Our python package provides a simple API to download the model weights and load it into resnet50 architecture so you can use your data for easy inference

Note: The download takes a couple of minutes (~8 mins). You can see a progress bar that shows you the time indication

In [5]:
from fmcib.models import fmcib_model

model = fmcib_model()

Downloading: 100% [738451713 / 738451713] bytes

2024-02-14 12:39:54.885 | INFO     | fmcib.models.load_model:load:66 - Loaded pretrained model weights 



Printing the model allows you to see its composition. The `LoadModel` is a container that consists of a `trunk` and `heads` components. 


More specifically,

The model is composed of a `ResNet` architecture with the following layers:

1. A 3D convolution layer (`Conv3d`) with 128 output channels and a 7x7x7 kernel size.
2. A 3D batch normalization layer (`BatchNorm3d`).
3. A ReLU activation function.
4. A 3D max pooling layer (`MaxPool3d`).

The main body of the model consists of four sequential layers (`layer1`, `layer2`, `layer3`, `layer4`), each containing multiple `ResNetBottleneck` blocks. Each `ResNetBottleneck` block consists of three convolution layers, three batch normalization layers, and a ReLU activation function. Some blocks also include a downsample layer, which is a sequential layer consisting of a convolution layer and a batch normalization layer.

The output of the model is processed by an adaptive average pooling layer (`AdaptiveAvgPool3d`) and an identity layer (`Identity`).


In [9]:
print(model)

LoadModel(
  (trunk): ResNet(
    (conv1): Conv3d(1, 128, kernel_size=(7, 7, 7), stride=(2, 2, 2), padding=(3, 3, 3), bias=False)
    (bn1): BatchNorm3d(128, eps=1e-05, momentum=0.1, affine=True, track_running_stats=True)
    (relu): ReLU(inplace=True)
    (maxpool): MaxPool3d(kernel_size=3, stride=2, padding=1, dilation=1, ceil_mode=False)
    (layer1): Sequential(
      (0): ResNetBottleneck(
        (conv1): Conv3d(128, 128, kernel_size=(1, 1, 1), stride=(1, 1, 1), bias=False)
        (bn1): BatchNorm3d(128, eps=1e-05, momentum=0.1, affine=True, track_running_stats=True)
        (conv2): Conv3d(128, 128, kernel_size=(3, 3, 3), stride=(1, 1, 1), padding=(1, 1, 1), bias=False)
        (bn2): BatchNorm3d(128, eps=1e-05, momentum=0.1, affine=True, track_running_stats=True)
        (conv3): Conv3d(128, 512, kernel_size=(1, 1, 1), stride=(1, 1, 1), bias=False)
        (bn3): BatchNorm3d(512, eps=1e-05, momentum=0.1, affine=True, track_running_stats=True)
        (relu): ReLU(inplace=True)

## Using the model for inference
We can take a dummy torch tensor and pass it through the model to see the input and output more clearly.

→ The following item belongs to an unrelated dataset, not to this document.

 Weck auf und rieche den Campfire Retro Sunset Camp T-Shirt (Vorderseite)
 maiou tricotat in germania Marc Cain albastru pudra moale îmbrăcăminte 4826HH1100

The last layer is an average pooling layer, so you can effectively pass it any input size and you will receive a constant sized output that has 4096 dimensions (the number of channels of the last conv layer)


In [11]:
import torch

ip = torch.rand(
    1, 1, 50, 50, 50
)  # The input tensor should be of shape (B, C, H, W, D) where B is the batch size, C is the number of channels, H is the height, W is the width and D is the depth.
ip_2 = torch.rand(1, 1, 60, 60, 60)
ip_3 = torch.rand(1, 1, 30, 30, 30)

In [12]:
# The recommended size for the input tensor is 50x50x50
out = model(ip)
out.shape

torch.Size([1, 4096])

In [13]:
# The model can also take input of different sizes as well if needed (not tested)
out = model(ip_2)
out.shape

torch.Size([1, 4096])

In [15]:
# A very small input size is not supported as the filters are designed for atleast a 50x50x50 input. So this will give you an error.
out = model(ip_3)
out.shape

ValueError: Expected more than 1 value per channel when training, got input size torch.Size([1, 1024, 1, 1, 1])